Constant criticism of the “elite media” is comical to most reporters, whose paychecks wouldn’t cover Limbaugh’s annual dry cleaning bill. The truly elite media are the people most Americans have never heard of — the daily-grind reporters who turn out for city council and school board meetings. Or the investigative teams who chase leads for months to expose abuse or corruption.
These are the champions of the industry, not the food-fighters on TV or the grenade throwers on radio. Or the bloggers (with a few exceptions), who may be excellent critics and fact-checkers, but who rely on newspapers to provide their material.
As others have noted, the Internet can’t quickly enough fill the void created by lost newspapers. In time, some markets simply won’t have a town crier — and then who will go to all those meetings where news is made? What will people not know? In such a vacuum, gossip rules the mob.
Watchdog role? Where please? Turn out for meetings sure, but then they churn out pap. Investigative teams exposing abuse and corruption? Don’t make us laugh. We see very little of that at any level of reporting- local, provincial or national. And what we do see in that way is one sided, so suspect.
Bloggers are the result not the cause of media weakness. And one thing about bloggers; they are usually pretty up front about their bias unlike the MSM which is in a profound state of denial because, we suppose, they think their readers are stupid and won’t notice doctored photos, or inaccuracies only corrected in the small print days later [as when it was reported in one of our papers that McCain had been a PoW 6 months instead of 6 years!], or the stories that AREN’T covered at all. The free press is not free and freedom of speech is an endangered species.
And as for who will go to the meetings and report? People like David Daniels, and Lutz Becker , sometimes us, and perhaps people like this woman who wrote a letter to the editor of the Register about the lack of trust in Municipal leadership. [We’ll add a link if it shows up online]

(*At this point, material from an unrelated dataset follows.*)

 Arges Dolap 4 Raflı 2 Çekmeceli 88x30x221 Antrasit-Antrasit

A long time municipal councillor recently advised me I should be less argumentative and just trust council. Well that’s easier said than done – especially these days. Trust is something not simply given to someone because they have a certain status or position – it must be earned. …NOt only has trust been erased, it’s been replaced by a deep seated and well earned suspicion not all is what it should be. Something is rotten in Kings County.
The issue in this woman’s case was the amendment of the MPS, suspicious in camera meetings, and the nullification of one councillor’s vote but she could have been writing just as well about Wolfville and the Brideau contract issue [and the paper gives Wolfville as her address!] She continues –
Why am I writing to you? [the editor] Basically, it’s because I’m hoping more citizens of Kings County will start to pay closer attention to the activities of our council and councillors. Transparency and accountability are necessary preconditions for the fair and effective operation of a democracy and, right now, they are in very short supply.

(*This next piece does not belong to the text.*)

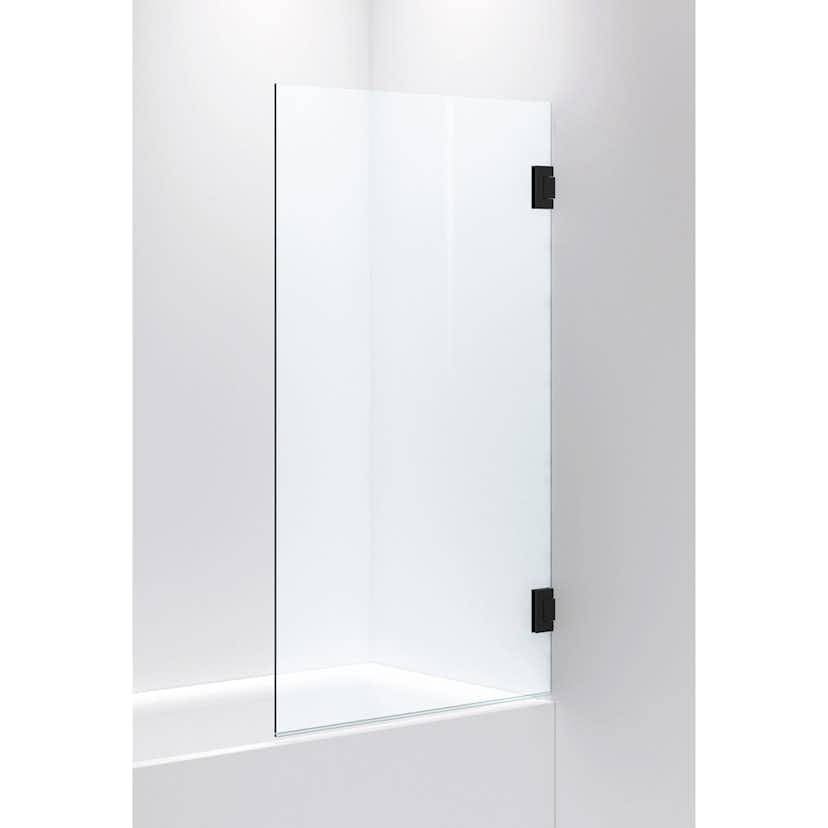 Badkarsvägg INR Arc 17 Måttanpassad Glas: Klarglas med Timeless, Profil: Svart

Yes, blogs are making some people nervous. This is one mayor’s reaction:
In her final State of the City address, Salisbury Mayor Barrie Parsons Tilghman warned residents of what she sees as a great danger to the city: malicious bloggers.
Tilghman said in her address Thursday that over the last five years, the presence of a small group of suspicious, mean-spirited people focused on the negative has grown, endangering the city’s vitality. [Really?! like rending the social fabric of the town?]

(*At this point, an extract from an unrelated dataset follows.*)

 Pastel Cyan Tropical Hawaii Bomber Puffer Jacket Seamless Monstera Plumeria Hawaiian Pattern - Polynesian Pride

Tilghman says some people are avoiding serving their city because it’s not worth chancing the scorn of bloggers. But Tilghman says they need to stand up for the city.
Is she standing up for the City and its residents or the status quo? Would she be equally upset if the negative stories had appeared in the local newspaper or on the local TV news, where perhaps they should be? Probably. It’s so much nicer if you have a tame press, isn’t it? What will they do without it?